And then came the day when some of us understood that all we had known about time was wrong. It’s not precise, it’s not objective, it’s not limited. It’s not about being first, outrunning others, or even getting somewhere faster.
This was the day we would just drop out and start to live life at our own pace. Because our own pace was the only thing that mattered: Some of us would go faster, speak faster, think faster; others would go slower, speak slower, think slower.
We noticed that time and speed are much more personal than we had ever thought: It doesn’t matter which measurable speed you attain, but how you feel about it personally. If you run a marathon in 2.5 hours, then it’s 2.5. If it is eight hours, then it’s eight. Even if you take the shuttle bus just to attend the after-party, people will cheer. ((I did that in Berlin, recently.))

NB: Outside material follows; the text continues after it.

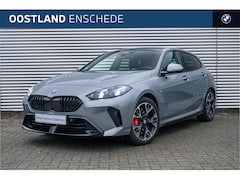 BMW 1-serie - 120 M Sport Automaat / Panoramadak / Sportstoelen / Achteruitrijcamera / M Adaptief onders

The machine didn’t like to see these thoughts. Because big systems don’t seem to work well when everybody moves at their own pace. Just think of highway traffic.
But while some of the people around us gave in and lost their pace of life, we didn’t.
We didn’t let them distract us.
We just opted for our own speed, and, in that sense, we became anarchists. Not of the kind that throws bombs and burns cars. But of the kind that takes responsibility for their own lives and their own speed and their own time, and of the kind that create their own rules that serve them while not harming others.
This is the nature of friendly anarchism, and it’s the essence of living life at tempo giusto. In other news, it looks as if light just became slow. Astounding, and yet another proof.